Prompt » Without changing a word, copy every line of the listing below and leave out the images.

Stored data »
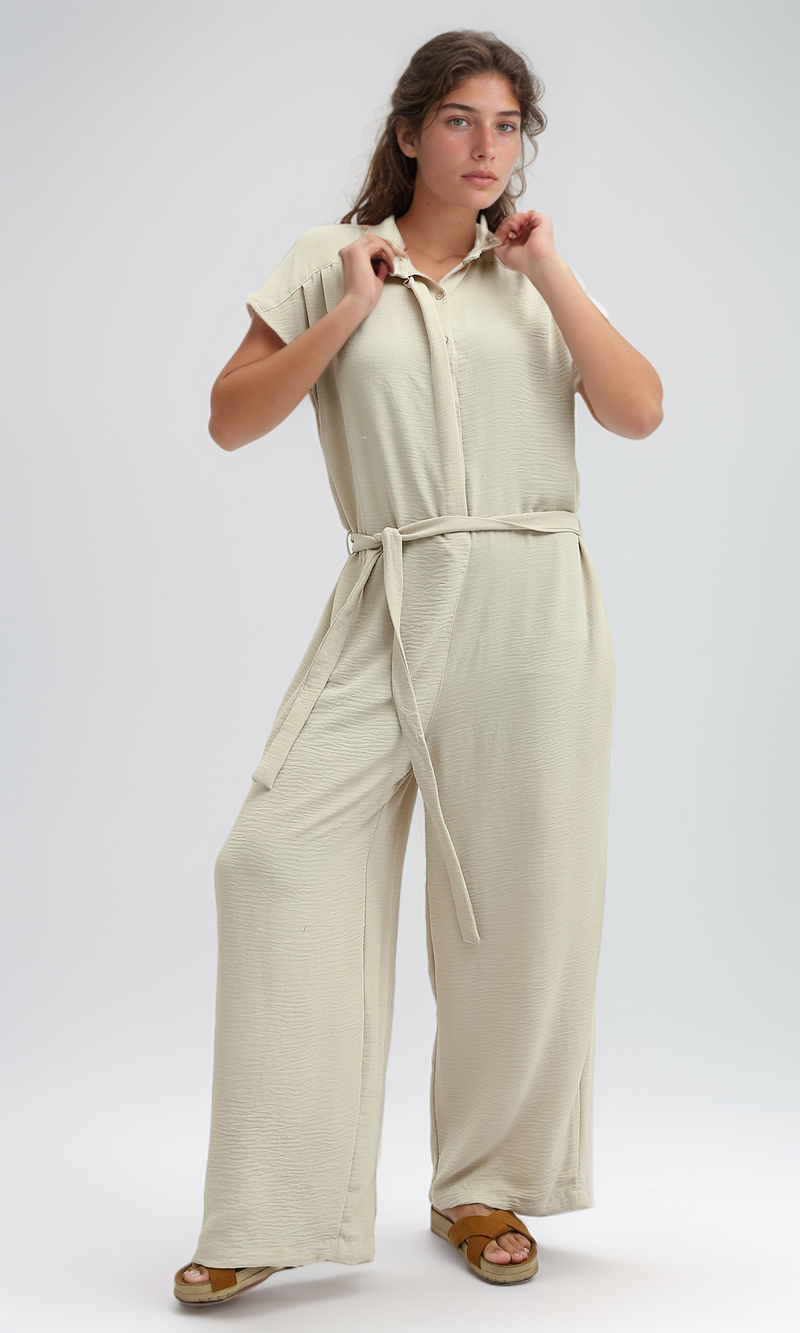 O197591 Summer Jumpsuit With Classic Collar Women Salopette - Biege
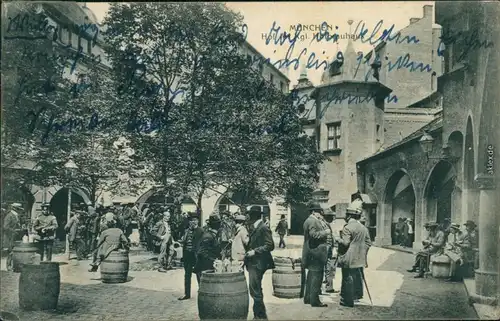 Ansichtskarte München Kgl. Hofbräuhaus - Innenhof 1911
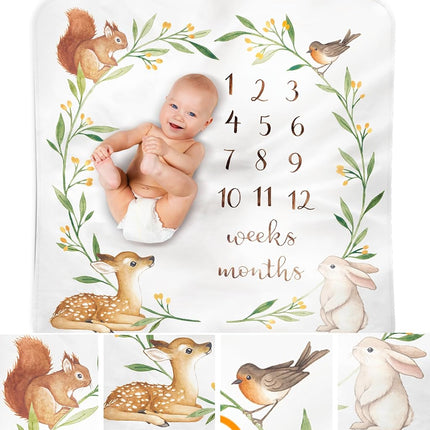 Baby Monthly Milestone Blanket, Soft Woodland Phot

Response to the exercise »
 O197591 Summer Jumpsuit With Classic Collar Women Salopette - Biege
 Ansichtskarte München Kgl. Hofbräuhaus - Innenhof 1911
 Baby Monthly Milestone Blanket, Soft Woodland Phot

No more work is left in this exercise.